Doch just als Regisseurin Mechthild Gaßner und ihr Team vor der „Waschmaschine“ genannten Machtzentrale in Berlin standen, kursierten plötzlich Agenturberichte über die Pläne mit ebenjener schmutzigen Vorsilbe „Soap“ im Arbeitstitel. „Da waren erst mal alle Türen zu“, erinnert sich Schadt, der Gerhard Schröder schon mit „Der Kandidat“ (1998) und „Kanzlerbilder“ (2001) dichter als jeder andere Filmemacher auf die Pelle gerückt war, „jeder Referatsleiter im Haus hatte ja die Schlagzeile in der Pressemappe“.

Irgendwie müssen sie aber doch wieder daraus verschwunden sein, denn vom 13. bis 17. September läuft die fünfteilige Serie zur Primetime auf Arte. Und die Zuschauer erwartet ein tiefer Blick ins Innenleben des wichtigsten Bauwerks heimischer Exekutive.

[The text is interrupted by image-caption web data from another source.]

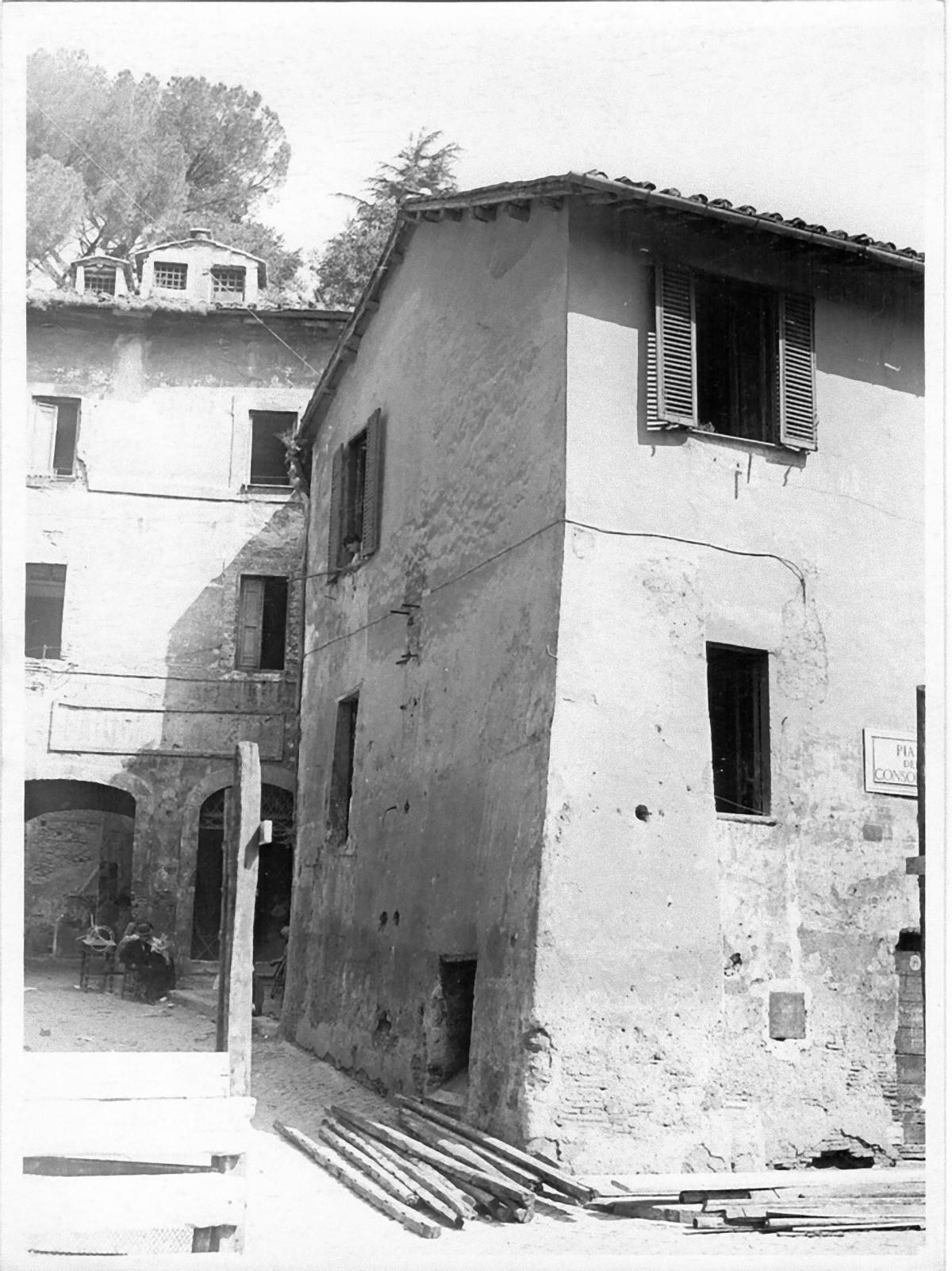 Unknown Landscape Photograph - Glimpse of Piazza della Consolazione - Rome - b/w Photograph - 1933
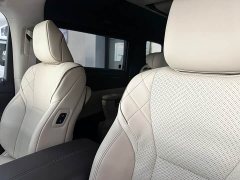 Toyota Vellfire 2024 Crown Hybrid 2.5L Premium Edition - ფოტო 8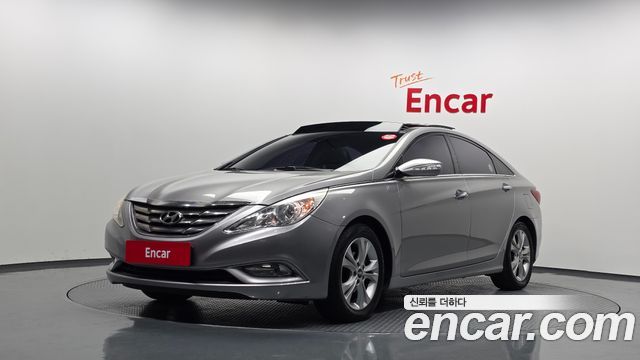 Hyundai Sonata 2011 — photo 1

Nein, nicht in Schröders Schlafzimmer und selten in politische Hintergrundgespräche, Reformdebatten oder Koalitionsabsprachen – eher in den Alltag drum herum.

Und siehe da: Im Kanzleramt arbeiten gewöhnliche Menschen und eitle Politprofis mit normalen Macken und Luxusproblemen, mit Profilneurosen und Starallüren, aus Kanzlers nächster Nähe und größter Distanz. „Ein einziges Mal hab ich den Kanzler im Fahrstuhl getroffen“, erzählt Schröders Büroputzfrau und wienert dabei das berühmte Foto mit Gattin hinterm stahlbehelmten Vater. „Ich hab kein Wort herausgekriegt.“

Leute wie sie, Helfer und Macher, Hiwis wie Spitzenkräfte, hat Regisseurin Gaßner ein halbes Jahr begleitet und 100 Stunden gefilmt. Köche, Redenschreiber, Gärtner, Ministerialräte, Hausmeister, Diplomaten, Sicherheitsexperten und Reinigungspersonal. Sie alle tragen dazu bei, dass die Maschine rund läuft – von der Schreibtischordnung übers Festbankett bis hin zur UNO-Rede. Und das Filmteam immer dabei.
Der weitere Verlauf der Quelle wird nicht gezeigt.